Other alternatives – more emphasis on keeping established immigration policies, for instance – might have helped, but how much I do not know. One of Goldwater’s problems was the potential conflict between his libertarian economic policies and his hard-line Vietnam policies, which made him so unpopular outside the racially extreme Deep South and Mountain states.
If Goldwater had won, he would likely have had some coattails in the House and Senate to carry out his platform of reversing the New Deal and subsequent economically liberal Democratic policies. Large-scale deregulation and privatisation of federal assets, and cessation of support for black civil rights, are certainly possible. However, I feel that unless Goldwater could do most of the following:
- solidify Republican support amongst rural whites to a degree not reached until Bush junior or Romney more than a generation later
- manage to successfully win the Vietnam War permanently
- via cessation of support for black civil rights avert the racial conflicts observed in 1966 and 1967
he might have lost support before being up for re-election.

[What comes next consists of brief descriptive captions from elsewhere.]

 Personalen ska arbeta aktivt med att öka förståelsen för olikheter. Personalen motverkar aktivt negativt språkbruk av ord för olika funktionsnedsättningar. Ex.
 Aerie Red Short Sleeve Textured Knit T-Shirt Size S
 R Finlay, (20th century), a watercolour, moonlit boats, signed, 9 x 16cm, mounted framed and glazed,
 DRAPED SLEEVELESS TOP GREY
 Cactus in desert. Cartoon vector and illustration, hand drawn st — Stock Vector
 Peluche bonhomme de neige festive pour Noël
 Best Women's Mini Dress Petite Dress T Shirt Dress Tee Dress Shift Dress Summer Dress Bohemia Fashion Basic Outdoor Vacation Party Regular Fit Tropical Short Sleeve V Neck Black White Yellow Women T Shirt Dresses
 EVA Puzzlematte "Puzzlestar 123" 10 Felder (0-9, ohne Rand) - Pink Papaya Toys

Even if opposition to black civil rights did reduce racial conflict, and Goldwater was able to give police and other law enforcement much more leeway in black communities the existing liberal Supreme Court would have sided with black plaintiffs against police brutality as it never did even during the Reagan years – let alone since the Republican Revolution of 1994. It is virtually certain a President Goldwater would have received zero high court appointments between 1965 and 1969. I strongly suspect Barry Goldwater knew – because of the improbability of a Supreme Court opening between 1965 and 1969 under so conservative an administration – that he could not use an excessively liberal Court as a campaign issue. This undoubtedly helped Johnson by removing a persuasive issue from the 1964 Republican campaign arsenal.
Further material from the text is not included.